Is that really a function of Libreboot software is it a supplementary function of the process of installing Libreboot?
I still stand by my argument that it isn't Libreboot's purpose to bypass (cripple, disable) the hardware ME. The best it can do is to bypass the ME in old Intel computers as it uploads free firmware to the ME that renders it disabled.
Once again, microcode is completely unnecessary in booting any system. Microcode is a part of the CPU itself and operates completely without any need to touch any part of the BIOS. If you want to update the CPU microcode, the only time this can happen is at the immediate beginning of the boot sequence. If you do not update the microcode, then the microcode does not affect the boot process.

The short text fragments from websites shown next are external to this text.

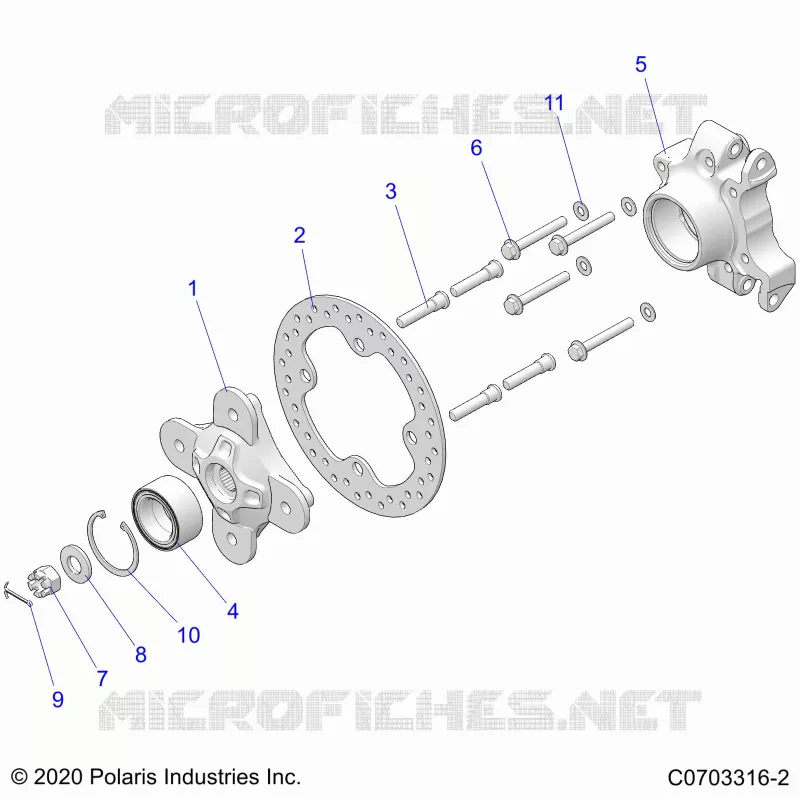 SUSPENSION, PORTE BAGAGES ARRIERE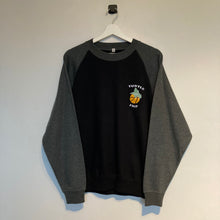 Charger l'image dans la galerie, sweat-vintage-turtle-frip-homme-oversize-noir-gris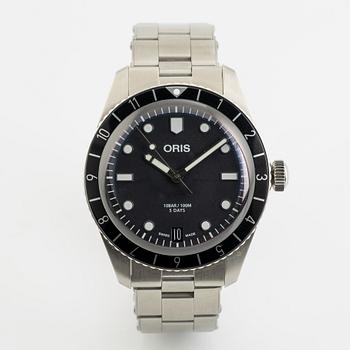 Oris, Divers, Sixty-Five, wristwatch, 40 mm.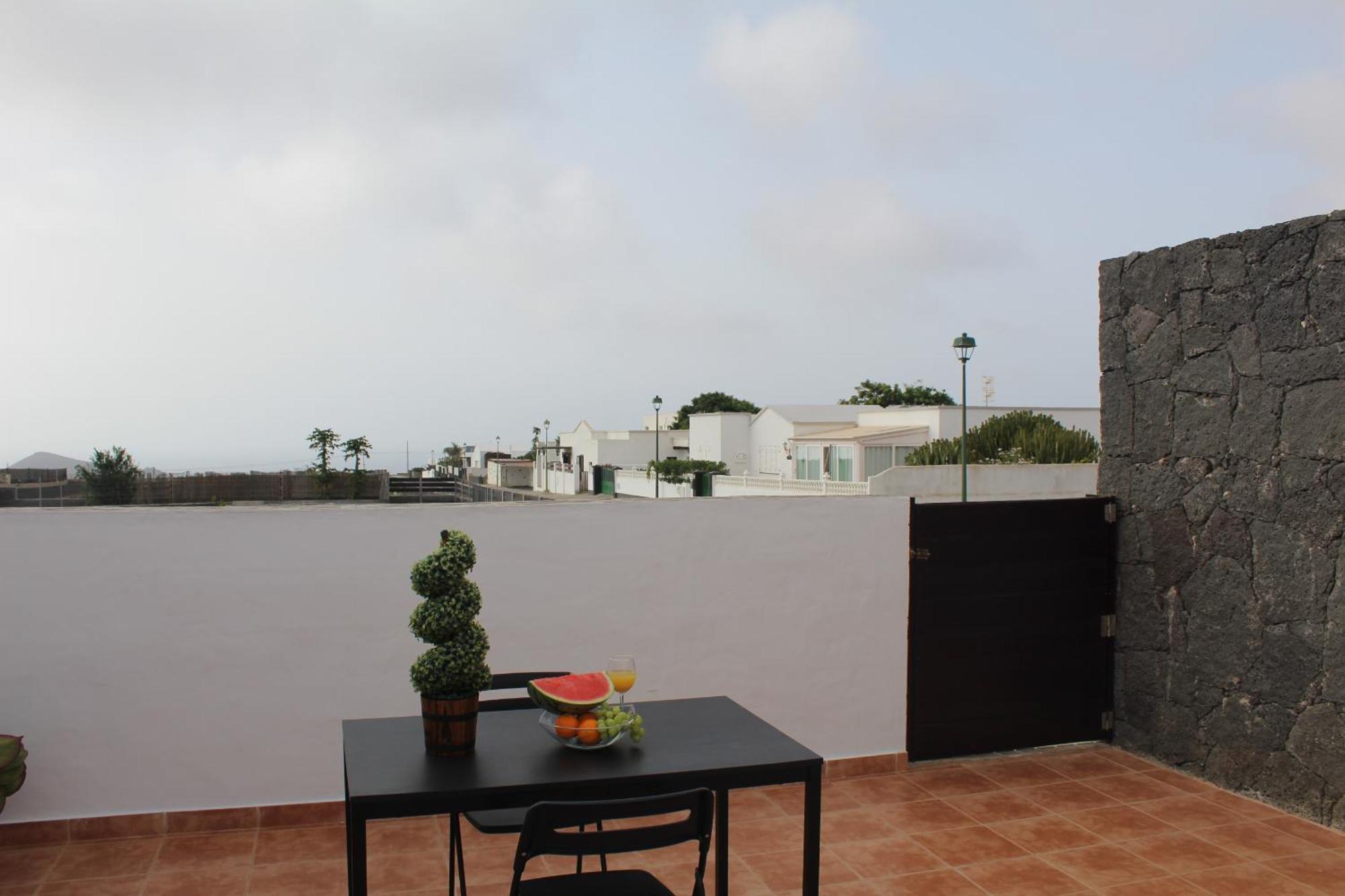 티나조 Casita El Refugio 아파트 외부 사진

I'll need further elaboration on what this means. I find it unbelievable that a brand new Intel CPU that is never connected to the Internet will not boot at all or it will be extremely unstable simply because of the fact that it will never receive any updates in the microcode.
Wyatt Wood
Yeah I've never seen issues like memory corruption on newer intel cpus that haven't seen the Internet. I know there are some bugs in the newer chips that may cause the cpu to hang and those are fixed with microcode updates. Maybe that?
Evan Howard
Yes, it is. Libreboot is coreboot without ME, without AMT and any other proprietary binary (they reverse engineered the VGABIOS for example) + GRUB as bootloader payload. But disabling ME comes at a cost, for example no quad-core CPU support of buggy virtualization. Obviously, Libreboot works on old computers without asymmetric signatures in BIOS. Microcode update file itself does not affect the boot in any way, the update process however, does. Does copying photoshop.exe file from your hdd to thumb drive affect the freedom of running software on your PC? No, it doesn't. This is what basically happens when microcode updates are applied to CPU on every boot. The microcode is loaded to volatile memory inside CPU and runs only there, not in RAM unlike ME or AMT. Usually the microcode updates are added by OEMs in their boot firmware (UEFI/BIOS) during board development process. There is a very long road between CPU engineering sample release and motherboard sales start, about 2 years or so. So there is a probability of buying motherboard with fixed CPU bugs after these patches been applied on production.
Thomas Brooks
that's some weapons-grade autism that you actually even considered it was real fucking hell, Holla Forums.